Le nombre d'opérations explose

Finalement, le fort engouement pour le bitcoin des derniers mois a eu pour effet d’augmenter de manière considérable le nombre de transactions, et par conséquent les frais de transaction. Cette augmentation des frais est due à plusieurs facteurs, l’un d’entre eux étant la congestion du réseau. Les utilisateurs désireux de transférer leur bitcoin le plus rapidement possible n’hésitent pas à mettre la main au porte-monnaie afin d’inciter les mineurs à inclure leurs transactions en priorité. Une manière d’être traité en premier dans la file d’attente. S’ajoute à cela l’augmentation de la taille de la blockchain elle-même.

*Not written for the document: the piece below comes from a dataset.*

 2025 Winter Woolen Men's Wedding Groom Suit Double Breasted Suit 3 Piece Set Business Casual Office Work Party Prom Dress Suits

Etant donné la configuration actuelle du protocole bitcoin, il est difficile d’imaginer comment la cryptomonnaie pourrait un jour concurrencer des méthodes de paiement telles que Visa ou simplement un transfert bancaire. Au vu des informations exposées ci-dessus, il semble impossible de pouvoir concurrencer ces solutions centralisées. Le réseau Visa traite en moyenne 7000 transactions par seconde et pourrait potentiellement en supporter jusqu’à 45 000.

Innovations en vue

Cependant, des innovations majeures sont attendues. Certaines d’entre elles viennent d’ailleurs de voir le jour. C’est le cas du projet Rootstock (RSK), qui va permettre au réseau bitcoin de passer à la vitesse supérieure en améliorant sa «scalabilité», mais également en concurrençant la blockchain ethereum (ETH) en proposant des contrats intelligents (smart contracts).

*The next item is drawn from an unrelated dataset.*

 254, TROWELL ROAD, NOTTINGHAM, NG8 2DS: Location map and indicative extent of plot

Le lancement de la version bêta a eu lieu le 4 décembre dernier. Sans entrer dans les détails techniques, l’une des principales innovations proposées par l’équipe de Rootstock est l’introduction de ces contrats intelligents via une blockchain parallèle (side-chain). En effet, le protocole bitcoin ne permettant pas l’exécution de ce type de contrats, l’utilisation d’une chaîne parallèle était donc nécessaire. Les innovations proposées par l’équipe de Rootstock permettront notamment d’augmenter considérablement le nombre de transactions par seconde.

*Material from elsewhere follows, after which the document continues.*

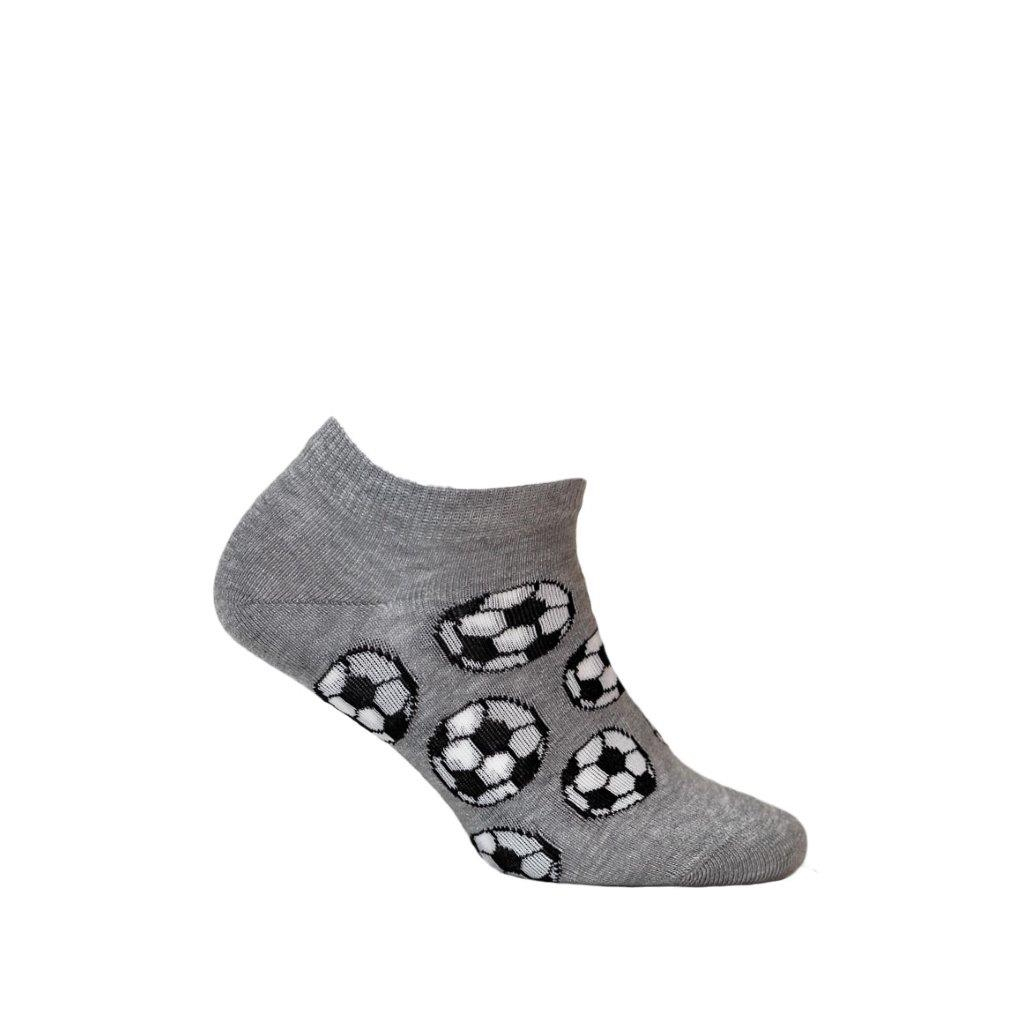 Chlapčenské členkové ponožky WOLA FUTBAL šedé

A l'aube de l'ère des cryptomonnaies

La plateforme RSK revendique 300 transactions par seconde dans un premier temps et une augmentation potentielle jusqu’à 2000 pour des transactions sur la blockchain (on-chain) et jusqu’à 20000 pour des transactions hors chaîne (off-chain), ce qui leur permettrait de rivaliser avec PayPal dans un premier temps tout en supprimant l’utilisation d’une contrepartie centrale, pour ensuite s’attaquer à un plus gros morceau: les réseaux de cartes de crédit. A noter que l’équipe RSK n’est pas la seule à s’atteler à ce problème. Le projet appelé Lightning Network vise aussi à augmenter la rapidité de traitement du réseau bitcoin.

Bien que cet article couvre un sujet très technique, j’ai volontairement simplifié au maximum les explications liées au fonctionnement de ces innovations, qui sont pourtant essentielles. S’il n’y avait qu’un seul élément à retenir: nous sommes encore à l’aube de l’ère des cryptomonnaies, et ce n’est qu’une question de temps avant que des solutions ne permettent une adoption généralisée. Les personnes qui remettent en doute le potentiel des crypto-actifs sont les mêmes qui sous-estimaient le potentiel d’Internet il y a vingt ans, lorsque la connexion au Web se faisait via un modem 56k. Après tout, il est commun de regarder des films HD en streaming de nos jours!